Rumah ini sudah mulai ramai dikunjungi oleh para tetangga. Ternyata masih ada yang memilih ke rumah duka ketimbang di jalanan atau alun-alun kota menikmati pergantian tahun ini dengan tawa dan keramaian. Memang kebanyakan dari mereka yang datang ke rumah ini adalah bapak-bapak yang sudah berumur dan menganggap lebih nyaman berada di rumah saja meski banyak orang bersuka cita. Toh, hari-hari selalu berganti dengan cara yang tidak berbeda, sesudah 24 jam maka hari yang baru pun mulai, begitu seterusnya. Beberapa diantara pengunjung itu memilih berada di dalam rumah, sisanya berada di luar rumah, terdengar ayat-ayat suci berasal dari dalam rumah. Aku memilih di luar rumah, selain karena ruang di dalam itu sudah cukup padat, aku juga ingin menikmati melihat langit malam tahun baru ini. Aku masih menunggu apa yang dilakukan oleh wawan yang masih terduduk di sana. Seolah menunggu. Menunggu kembang apikah?. Aku jadi ingin bertanya kepadanya.

“ apa yang kamu tunggu wan?,” aku bertanya lembut kepadanya.

Wawan tidak menjawab. Aku tahu kalau anak seperti dia bisa saja merespon pertanyaanku dengan cara yang berbeda. Aku menunggu reaksinya. Beberapa lama ia tetap terduduk, wajahnya tertunduk dan tidak melakukan apapun. Aku bertanya kembali.

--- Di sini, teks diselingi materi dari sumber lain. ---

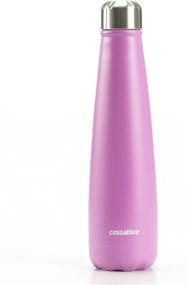 img 4 attached to 🌸 Costablue Santa Monica Collection Vacuum Insulated Stainless Steel Water Bottle - 17oz (500ml) - Leak Proof, No Sweat, Hot/Cold Retention - Pink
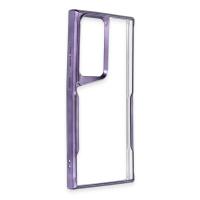 Newface Samsung Galaxy S23 Ultra Kılıf Boyi Silikon Kapak - Derin Mor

“wawan, apa yang kamu tunggu?,” tanyaku dengan nada suara yang tetap lembut.

Kali ini wawan menoleh, ia tersenyum, lalu ia menunduk kembali. Namun kali ini tangannya meraih sebuah batang kayu dan perlahan ia mulai menggores-gores langit malam dengan ranting kayu itu. Ia menggambar sesuatu. Aku sering mendengar kalau anak itu biasanya senang berdialog dengan gambar yang mereka buat sendiri. Dia terkadang menggambar emosi yang dialaminya setelah dicurangi bermain oleh teman sebayanya, menggambar ibunya sebagi peri yang cantik setelah diberikan kue yang lezat kiriman tetangga atau menggambar apa saja yang menarik dalam sudut pandangnya. Aku berpikir, mungkin wawan ingin menjawab pertanyaanku melalui gambar. Aku menunggu ia menyelesaikan goresan-goresannya di langit malam itu.

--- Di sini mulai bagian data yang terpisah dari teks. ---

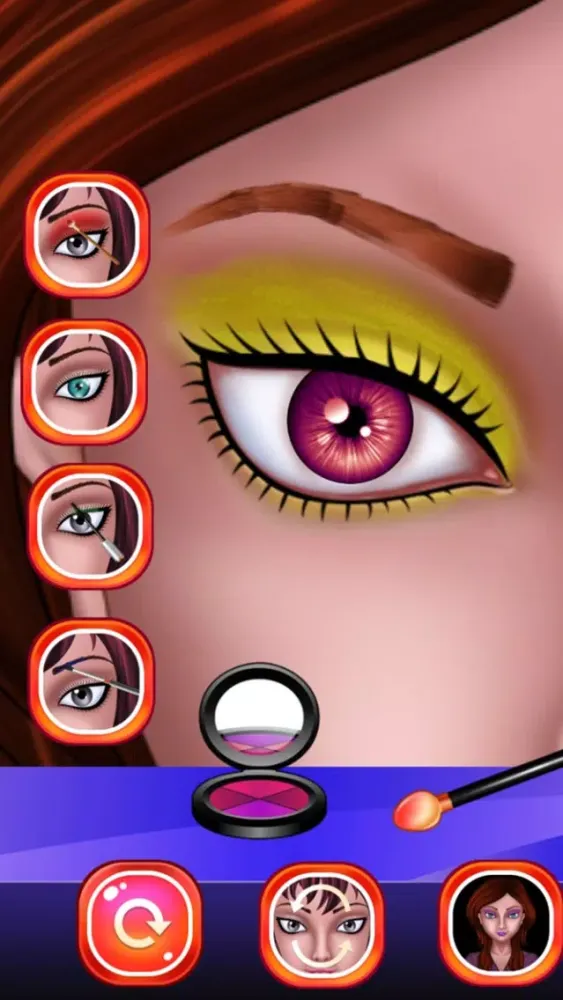 Скриншоты Eye Makeup Beauty Salon for Girls : makeover game for girl and kids !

Malampun semakin merayap. Aku berdiri sebentar dari posisi duduk menatap langit ini. Sekedar melemaskan otot leher yang mulai tidak nyaman karena menengadah sedari tadi. Aku melihat ayahnya wawan yang beberapa menit lalu keluar dari dalam rumahnya dan bergabung bersama kami di luar sini. Ia mengucapkan terima kasih sudah datang di malam ini, lalu ia membuka cerita tentang wawan.

“wawan itu anak yang penyendiri,” ujarnya.

Sebuah pernyataan yang nampaknya sudah diketahui oleh semua tetangganya.

“kalau bermain dengan temannya ia sering di curangi dan di hina, makanya ia lebih senang berada di rumahnya, biasanya ia menggambar, banyak sekali gambar-gambar dengan pensil atau crayon yang dibuatnya,” ujarnya terkenang.

Seperti yang sudah aku duga tadi. Wawan memang memilih menuangkan perasaan dan pikirannya melalui gambar. Ia tidak ingin perasaan dan pikirannya hanya jadi sampah.

“ gambar apa saja pak yang biasanya dibuat wawan,” tanyaku yang menyeruak di antara suasana dingin ini.

“ banyak pak, buku gambarnya saja ada banyak, semuanya berisi gambar-gambar dia,” terang ayahnya wawan.

“mau lihat gambar-gambarnya?”, lanjutnya bertanya.

Tanpa menunggu jawabanku ayahnya wawan yang menurut perkiraanku sudah berumur sekitar 50 tahunan itu perlahan masuk ke dalam rumah. Beberapa menit kemudian ia kembali membawa dua buah buku gambar ukuran sedang.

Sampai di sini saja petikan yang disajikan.